L’operazione, condotta dalla Dda di Catanzaro, è scattata a maggio dello scorso anno. Nel mirino i clan vibonesi, in particolare le cosche dei Piscopisani, dei Tripodi e dei Mancuso. Tra le accuse anche gli omicidi di Massimo Stanganello, Mario Longo, Michele Palumbo, Davide Fortuna e Giuseppe Pugliese Carchedi, Mario Franzoni.

Rischiano il processo anche Giuseppe Comito, Nicola Figliuzzi, Raffaele Moscato e Renato Marziano, questi ultimi collaboratori di giustizia, tutti accusati di associazione mafiosa.

I nomi:

  1. Francesco Alessandria
  2. Francesco Barba
  3. Rosario Battaglia
  4. Giuseppe Comito, collaboratore di giustizia
  5. Angelo David
  6. Stefano Farfaglia
  7. Nazzareno Felice
  8. Nicola Figliuzzi, collaboratore di giustizia
  9. Rosario Fiorillo
  10. Michele Fiorillo
  11. Gregorio Gasparro
  12. Pantaleone Mancuso alias “Luni Scarpuni”
  13. Renato Marziano, collaboratore di giustizia
  14. Raffaele Moscato, collaboratore di giustizia
  15. Giuseppe Patania
  16. Salvatore Patania
  17. Saverio Patania
  18. Nazzareno Patania
  19. Francesco Antonino Staropoli
  20. Salvatore Tripodi

Nel dettaglio, passando agli omicidi commessi dal 2002 al 2012 nel Vibonese, Stefano Farfaglia, Angelo David, Rosario Battaglia e Rosario Fiorillo sono accusati di essere i mandanti ed esecutori materiali dell'omicidio di Massimo Stanganello (di cui non è stato mai ritrovato il corpo) commesso ad agosto 2008 a Piscopio, frazione di Vibo.

Altro omicidio contestato - scrive ancora il Quotidiano del Sud - è quello di Michele Palumbo, avvenuto la sera dell’11 marzo 2010, a Longobardi.

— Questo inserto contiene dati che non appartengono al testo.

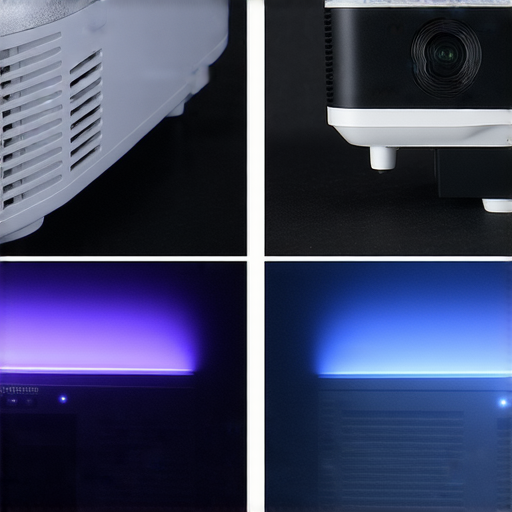 破損投影機修復的步驟，展示前後對比效果，突顯維修後的清晰視覺效果，提升演示表現，讓觀眾專注並獲得更好體驗，明亮影像與色彩的再現。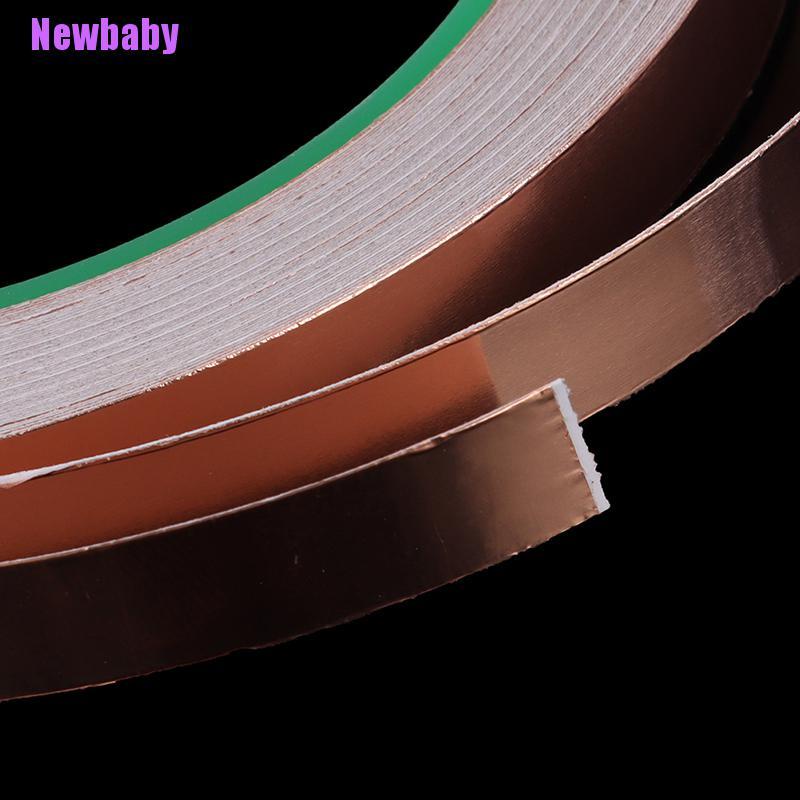 (Newbaby) 20m Double Tape Foil Tembaga EMI Shielding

L’uomo era considerato il referente sulla zona di Vibo e delle Marinate per conto del boss Pantaleone Mancuso, alias “Scarpuni”. Per questo reato devono rispondere Rosario Battaglia, Rosario Fiorillo, Michele Fiorillo, Salvatore Tripodi, ma non più Vita e D’Ascoli.

Dell’uccisione di Mario Longo, dell’1 aprile 2012 in zona Triparni, sono chiamati a rispondere, invece, Rosario Battaglia, Raffaele Moscato e Antonino Francesco Staropoli. La vittima era ritenuta un confidente dei Patania e delle forze dell’ordine e per questo era stata fatta fuori.

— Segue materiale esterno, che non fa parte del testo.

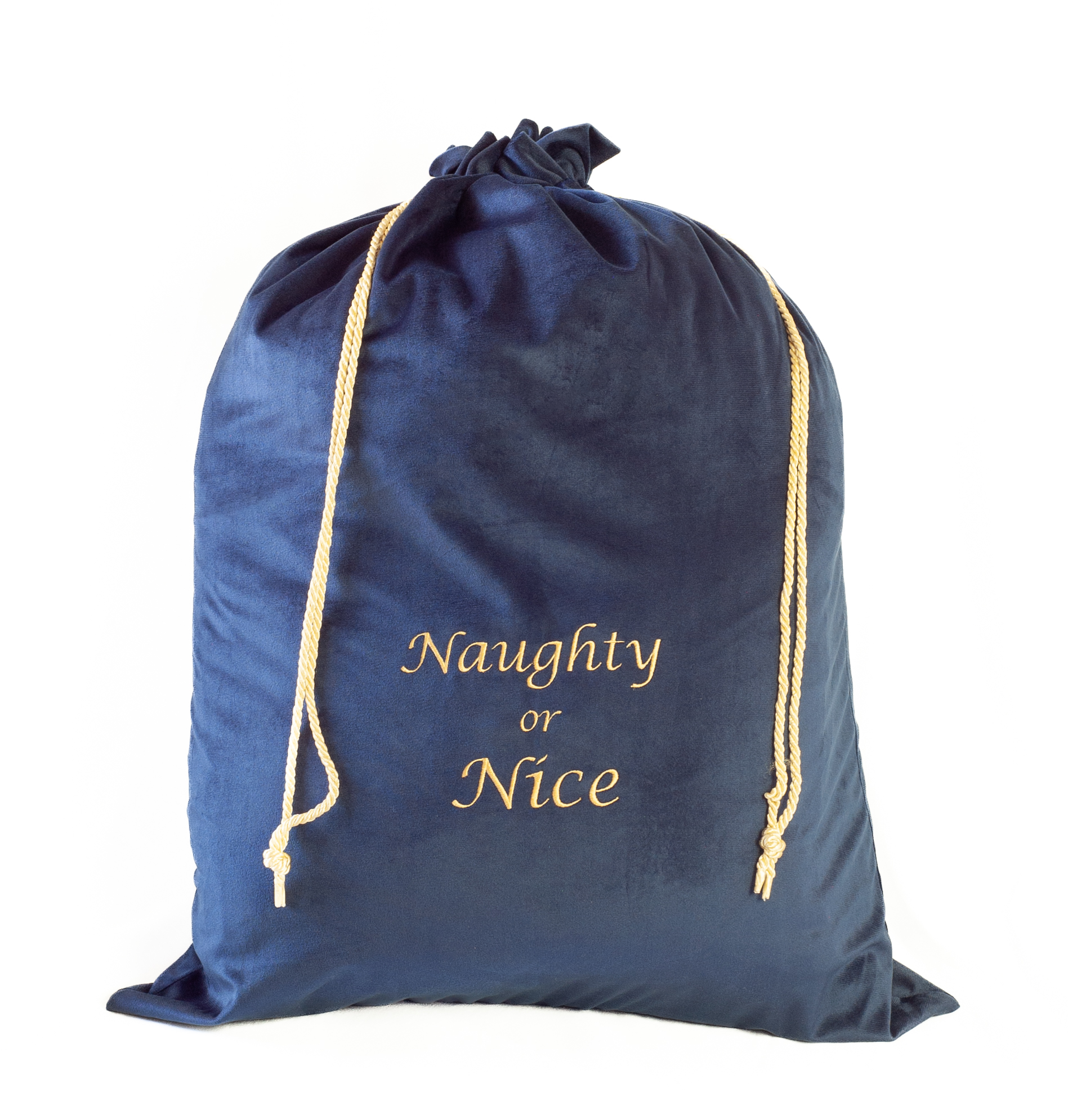 Blue Velvet Santa Sack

A rispondere, invece, dell’agguato mortale a Davide Fortuna, commesso sulla spiaggia di Vibo Marina il 6 luglio del 2012, sono Francesco Alessandria, i collaboratori di giustizia Comito e Figliuzzi, Mancuso alias “Scarpuni”, e Giuseppe, Salvatore, Saverio e Nazzareno Patania.

Un ulteriore omicidio contestato dalla Dda è quello di Giuseppe Pugliese Carchedi per il quale è chiamato a rispondere Michele Fiorillo con Rosario Fiorillo (minorenne all’epoca), avvenuto alle prime luci dell’alba del 17 agosto 2006 lungo la provinciale 522, tra Pizzo e Vibo Marina, in località “Timpa Janca”.

Infine, Francesco Barba è accusato dell’uccisione, in concorso con altri esponenti della cosca omonima e di quella dei Giampà, di Mario Franzoni, avvenuto il 21 agosto del 2002  nei pressi di un incrocio stradale nella frazione Porto Salvo.